▶ _Required action_:
Each line of the data below from the one holding "Peter Suchy bright" to the one holding "Spacious carport with", inclusive, is to be reproduced exactly; no other line belongs in the answer.
....
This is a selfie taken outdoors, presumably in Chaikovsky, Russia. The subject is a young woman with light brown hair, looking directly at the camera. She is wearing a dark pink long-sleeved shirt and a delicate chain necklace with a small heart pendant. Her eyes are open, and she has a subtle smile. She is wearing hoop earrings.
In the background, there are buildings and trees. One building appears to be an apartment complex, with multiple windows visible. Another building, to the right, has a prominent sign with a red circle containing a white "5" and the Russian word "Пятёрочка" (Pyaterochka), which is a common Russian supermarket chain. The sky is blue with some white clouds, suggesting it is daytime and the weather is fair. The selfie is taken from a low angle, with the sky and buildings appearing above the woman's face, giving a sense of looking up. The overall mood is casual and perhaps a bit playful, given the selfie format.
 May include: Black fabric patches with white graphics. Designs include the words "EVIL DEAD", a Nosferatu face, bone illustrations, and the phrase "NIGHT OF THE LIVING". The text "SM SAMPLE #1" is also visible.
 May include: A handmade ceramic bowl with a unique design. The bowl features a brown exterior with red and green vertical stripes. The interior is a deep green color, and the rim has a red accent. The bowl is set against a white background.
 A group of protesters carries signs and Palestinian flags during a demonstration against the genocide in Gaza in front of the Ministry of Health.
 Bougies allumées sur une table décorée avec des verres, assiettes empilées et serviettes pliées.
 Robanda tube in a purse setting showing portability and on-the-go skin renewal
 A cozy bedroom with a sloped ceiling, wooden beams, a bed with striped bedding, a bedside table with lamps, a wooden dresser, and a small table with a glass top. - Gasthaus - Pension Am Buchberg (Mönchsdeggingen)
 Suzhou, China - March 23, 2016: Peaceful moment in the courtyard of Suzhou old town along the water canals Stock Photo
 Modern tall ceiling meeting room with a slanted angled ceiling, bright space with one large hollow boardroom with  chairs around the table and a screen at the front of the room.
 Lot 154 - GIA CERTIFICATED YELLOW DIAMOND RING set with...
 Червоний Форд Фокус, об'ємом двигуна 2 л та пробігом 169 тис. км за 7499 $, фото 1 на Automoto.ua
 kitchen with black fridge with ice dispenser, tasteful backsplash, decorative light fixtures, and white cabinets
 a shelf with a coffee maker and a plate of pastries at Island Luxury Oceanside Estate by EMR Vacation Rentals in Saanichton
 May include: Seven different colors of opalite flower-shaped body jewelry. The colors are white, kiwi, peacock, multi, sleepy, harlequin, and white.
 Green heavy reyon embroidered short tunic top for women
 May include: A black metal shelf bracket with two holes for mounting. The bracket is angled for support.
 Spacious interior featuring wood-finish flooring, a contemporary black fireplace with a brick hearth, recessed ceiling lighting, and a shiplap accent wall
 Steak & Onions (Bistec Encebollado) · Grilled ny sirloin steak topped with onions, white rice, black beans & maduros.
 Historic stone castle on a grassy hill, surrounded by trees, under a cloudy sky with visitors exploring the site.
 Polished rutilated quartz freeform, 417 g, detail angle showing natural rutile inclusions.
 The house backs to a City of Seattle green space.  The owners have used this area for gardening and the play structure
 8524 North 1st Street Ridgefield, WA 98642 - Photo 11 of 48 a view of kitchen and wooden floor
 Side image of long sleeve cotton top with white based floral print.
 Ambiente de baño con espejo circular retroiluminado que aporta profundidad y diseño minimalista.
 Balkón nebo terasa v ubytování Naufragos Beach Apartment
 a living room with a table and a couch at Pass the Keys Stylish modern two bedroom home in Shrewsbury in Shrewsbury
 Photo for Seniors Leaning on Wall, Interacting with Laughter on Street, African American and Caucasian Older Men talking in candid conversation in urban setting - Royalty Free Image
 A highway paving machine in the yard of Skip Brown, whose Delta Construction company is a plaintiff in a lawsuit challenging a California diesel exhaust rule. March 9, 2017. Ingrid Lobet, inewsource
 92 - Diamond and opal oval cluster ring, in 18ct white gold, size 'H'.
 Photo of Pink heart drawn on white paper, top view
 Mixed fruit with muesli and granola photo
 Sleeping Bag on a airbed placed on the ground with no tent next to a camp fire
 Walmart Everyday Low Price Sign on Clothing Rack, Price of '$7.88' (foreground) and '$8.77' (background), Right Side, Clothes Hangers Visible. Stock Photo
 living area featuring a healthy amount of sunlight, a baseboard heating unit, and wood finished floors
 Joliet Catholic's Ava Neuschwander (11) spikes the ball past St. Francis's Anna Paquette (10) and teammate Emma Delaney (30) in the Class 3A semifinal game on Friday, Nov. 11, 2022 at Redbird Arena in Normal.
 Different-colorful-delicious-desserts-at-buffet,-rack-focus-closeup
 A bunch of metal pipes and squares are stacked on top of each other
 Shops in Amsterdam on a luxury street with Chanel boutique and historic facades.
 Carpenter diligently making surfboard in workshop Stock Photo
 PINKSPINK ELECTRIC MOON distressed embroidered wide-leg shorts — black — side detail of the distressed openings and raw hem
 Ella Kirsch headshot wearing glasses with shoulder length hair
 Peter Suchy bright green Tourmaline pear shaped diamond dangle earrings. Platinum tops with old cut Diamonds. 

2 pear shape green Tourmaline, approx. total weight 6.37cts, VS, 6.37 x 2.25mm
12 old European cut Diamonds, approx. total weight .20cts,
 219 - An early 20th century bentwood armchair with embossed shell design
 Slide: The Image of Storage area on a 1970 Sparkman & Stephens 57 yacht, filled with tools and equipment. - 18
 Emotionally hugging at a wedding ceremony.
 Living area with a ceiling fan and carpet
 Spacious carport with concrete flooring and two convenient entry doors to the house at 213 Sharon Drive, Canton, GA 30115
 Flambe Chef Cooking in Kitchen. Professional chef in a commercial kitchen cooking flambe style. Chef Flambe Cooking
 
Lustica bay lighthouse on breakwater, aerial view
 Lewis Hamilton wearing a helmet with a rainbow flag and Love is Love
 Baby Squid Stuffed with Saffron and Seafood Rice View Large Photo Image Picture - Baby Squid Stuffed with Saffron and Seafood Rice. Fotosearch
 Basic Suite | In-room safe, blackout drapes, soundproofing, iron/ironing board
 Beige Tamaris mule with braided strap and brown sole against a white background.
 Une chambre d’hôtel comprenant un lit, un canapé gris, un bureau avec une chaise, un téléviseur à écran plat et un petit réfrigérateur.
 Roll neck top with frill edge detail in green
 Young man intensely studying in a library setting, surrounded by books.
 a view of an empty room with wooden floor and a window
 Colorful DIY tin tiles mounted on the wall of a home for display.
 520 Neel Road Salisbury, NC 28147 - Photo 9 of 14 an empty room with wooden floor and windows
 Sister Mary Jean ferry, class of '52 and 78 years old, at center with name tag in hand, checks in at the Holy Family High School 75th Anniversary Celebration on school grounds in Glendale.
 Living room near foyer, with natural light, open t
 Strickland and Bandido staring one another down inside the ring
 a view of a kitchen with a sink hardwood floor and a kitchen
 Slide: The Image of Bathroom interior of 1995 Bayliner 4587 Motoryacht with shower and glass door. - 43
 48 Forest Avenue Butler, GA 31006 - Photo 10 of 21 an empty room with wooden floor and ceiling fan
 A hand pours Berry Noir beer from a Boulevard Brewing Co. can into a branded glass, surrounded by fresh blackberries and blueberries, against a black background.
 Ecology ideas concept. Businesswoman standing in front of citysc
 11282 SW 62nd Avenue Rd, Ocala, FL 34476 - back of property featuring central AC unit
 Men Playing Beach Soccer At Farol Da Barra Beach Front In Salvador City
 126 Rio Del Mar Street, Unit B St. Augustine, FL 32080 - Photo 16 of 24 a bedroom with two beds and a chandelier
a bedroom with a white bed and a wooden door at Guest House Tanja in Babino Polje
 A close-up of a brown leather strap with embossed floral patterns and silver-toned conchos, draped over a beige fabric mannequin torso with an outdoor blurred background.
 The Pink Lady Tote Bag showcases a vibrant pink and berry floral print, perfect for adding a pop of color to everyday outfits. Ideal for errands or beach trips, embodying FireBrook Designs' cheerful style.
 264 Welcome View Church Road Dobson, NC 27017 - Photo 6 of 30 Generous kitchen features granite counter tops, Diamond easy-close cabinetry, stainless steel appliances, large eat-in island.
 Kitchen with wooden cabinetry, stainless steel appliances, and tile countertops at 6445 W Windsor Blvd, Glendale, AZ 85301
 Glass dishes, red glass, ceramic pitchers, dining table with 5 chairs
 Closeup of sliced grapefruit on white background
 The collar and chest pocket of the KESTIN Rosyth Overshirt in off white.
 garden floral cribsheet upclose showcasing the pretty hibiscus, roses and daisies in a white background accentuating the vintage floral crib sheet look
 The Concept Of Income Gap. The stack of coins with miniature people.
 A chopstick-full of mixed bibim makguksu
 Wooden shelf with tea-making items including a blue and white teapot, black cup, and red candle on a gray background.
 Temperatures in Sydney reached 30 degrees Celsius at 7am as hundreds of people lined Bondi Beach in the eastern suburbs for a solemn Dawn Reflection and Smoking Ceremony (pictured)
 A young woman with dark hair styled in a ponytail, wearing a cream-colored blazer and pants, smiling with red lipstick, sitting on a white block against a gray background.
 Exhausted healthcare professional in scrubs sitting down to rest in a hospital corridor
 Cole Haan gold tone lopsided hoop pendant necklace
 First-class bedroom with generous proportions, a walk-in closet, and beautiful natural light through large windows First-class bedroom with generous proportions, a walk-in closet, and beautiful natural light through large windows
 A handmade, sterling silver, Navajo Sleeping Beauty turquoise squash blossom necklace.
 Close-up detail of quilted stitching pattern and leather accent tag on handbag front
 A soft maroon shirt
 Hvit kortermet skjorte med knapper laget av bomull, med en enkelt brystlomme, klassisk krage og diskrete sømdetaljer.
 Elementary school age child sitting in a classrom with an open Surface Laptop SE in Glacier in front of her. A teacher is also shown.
....
▶ _Answer to this exercise_:
 Peter Suchy bright green Tourmaline pear shaped diamond dangle earrings. Platinum tops with old cut Diamonds. 

2 pear shape green Tourmaline, approx. total weight 6.37cts, VS, 6.37 x 2.25mm
12 old European cut Diamonds, approx. total weight .20cts,
 219 - An early 20th century bentwood armchair with embossed shell design
 Slide: The Image of Storage area on a 1970 Sparkman & Stephens 57 yacht, filled with tools and equipment. - 18
 Emotionally hugging at a wedding ceremony.
 Living area with a ceiling fan and carpet
 Spacious carport with concrete flooring and two convenient entry doors to the house at 213 Sharon Drive, Canton, GA 30115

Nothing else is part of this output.